最近さらに「対象の状況を身体を通して察する」感覚がリアルに強くなって、それが面白いと思えることもあれば、それがしんどいと思うこともある。こうした仕事に携わるものとして、楽しさとしんどさは不可分のもので、配合は変化しても切り離せないものなのかもな、と思ったりする(相手との過度な同化の危険性も含めて)。仮にそうであるとして、この仕事に携わる私に出来る努力とはどういうものだろうか・・・と思うことがある。「努力」とは、つまり研鑚の方向性ということなのだが。私自身が仕事を楽しむための「努力」、レッスンに来てくれるクライアントさんに楽しんでもらうための「努力」。リアルに物事に向き合うことの、ある種のしんどさや痛みが避け難いものであり、しかしリアルに物事に向き合うことをもその人にとって避けて通れないことだとするならば、その必要性において「避け難い出来事たち」をいかに享受しうるか、ということが、という「努力」である。それを最近真剣に考えることがある。
なかなか答えは出ないけれども。

なんかねー、他人を教えるなんぞというやくざな仕事をしておりますと、どうも自分をえらそうに、「できている」人間のように勘違いしそうな気がして、自分でこわいな、と思うのである。やーな言い方だが、教えるなどという仕事をしているとたいていお会いする人は自分よりかは身体および身体認識がムーバブルではない方々だったりして、そういう年月が重なると、その年毎に新しくお会いする方々と自分の状況の差は広がっていくような感じになり、ついその「差」やら「違い」やらばかりが目に入り、己の身体をまっすぐ見据えることがおろそかになりそうな気がするのだ。それはいわば自分の人生をすこし生きそびれているような、損失だと思う。他人様と比べて多少ましだからといって、どうだというのか。そんなの、くだらない。自分が堂なのか、が大事なのだもの。
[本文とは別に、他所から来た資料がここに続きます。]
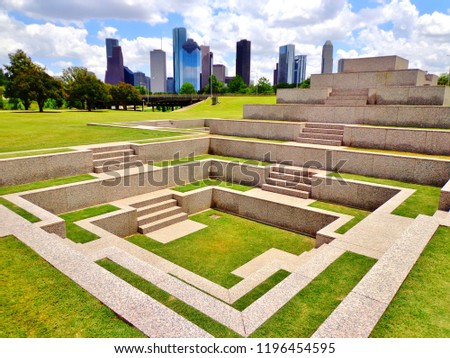 Beautiful View of Buffalo Bayou Park and Downtown Houston (Skyline / Skyscrapers) on a Summer Day, with Marble Memorial/ Monument in Foreground - Houston, Texas, USA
だからなるべく真剣に自分自身の身体と向き合う時間をとるというか、そう心がけていこう!と思っている今日この頃である。
ほんとに、仕事しかしないような不真面目な大人になってはいけないのである。(と自分に言い聞かせる)

ほんと、一段落ついたら一ヶ月くらい休んでやるー(って、いまのところ、希望・願望だけども・・)。